If you want to experiment your own Tetris AI, or just understand how it works, this post is for you.
At first I want to precise that I thought my AI as universal as possible:
- it works for all playfield dimensions
- any type of pieces could be added or removed (not only tetrominos)
For example, here you have the AI playing on a 16x16 playfield with some unusual pieces :
So how does it work ? The main structure of the algorithm acts as a BFS. The idea is the following: given the current playfield state and the tetrominos to come, we have to explore the tree of possible moves, evaluate their relevancy and keep the best to play.
But what is a move in Tetris ? Is a tetromino rotation or shifting considered as a move ? The answer is no. A move in Tetris is the action to lock a tetromino in a stable position on the playfield. It is relevant to think a move in this way, because it is only when a tetromino is locked that important events occur (lines collapse, game over) and as a result we can evaluate if the situation is good or not for us.
Then, we need to fix a limit to the depth of search. As a Tetris game can simply be infinite, and also because we want to limit the time the machine spend in this task. For pratical considerations, we will assume here the depth of search being at maximum the number of tetrominos that are previewed. Sometimes, the depth can simply be 1 (we consider only the current tetromino).
An exemple of partial game tree of depth 2, starting with the empty playfield
Last clarification: there is no perfect situation evaluation, simply because our information of the future is limited (by the arbitrary depth of search). That's why we will talk about heuristics for situation evaluation.
Now that we have some relevant concepts, we can look at the process more precisely. Given a playfield state (empty at start), the current tetromino to play and the next tetrominos in preview, the algorithm does the following:
1 : construction of the game tree of the chosen depth:
Depth 0: the current playfield state.
Depth 1: the generation of all the playfield states given by all possible locked positions of the current tetromino from the current playfield.
Depth 2: the generation of all the playfield states given by all possible locked positions of the next tetromino from all the payfields built at depth 1.
Consider here that for a playfield of width 10, your tree has an average total of 30^n nodes, where n is your chosen depth of search.
2 : utilization of an appropriate heuristic to score all the terminal nodes of the game tree previously generated.
3 : selection of the node with the better score, then going up through the branch of the game tree until the node of depth 1 is reached.
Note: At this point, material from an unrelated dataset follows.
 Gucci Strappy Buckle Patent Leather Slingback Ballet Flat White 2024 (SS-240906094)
It gives the move for the current tetromino that could potentialy leads to the best playfield state.
4 : generation of the relevant inputs (rotation, shifting...) in order to play correctly the current tetromino regarding the move previously found.
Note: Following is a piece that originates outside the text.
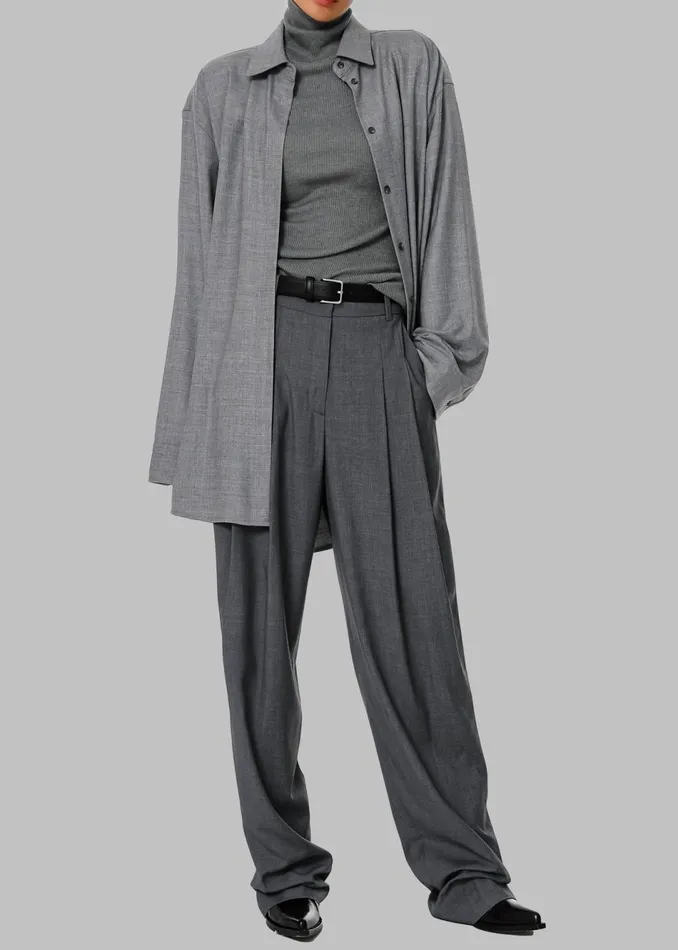 Women The Frankie Shop Bottoms Gelso Pleated Trousers Dark Grey Melange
Some relevant remarks at this point. At first, this process is very time consuming, so if the AI has to played in real time, it is reasonable to keep your depth of search at maximum 2. Then, the inputs generation is an interesting part of the algorithm ; by tweaking it you can add some personnality to your virtual player in versus games. For example by allowing or not the quick fall and the hard drop, you can give the illusion of playing against a beginner or an expert.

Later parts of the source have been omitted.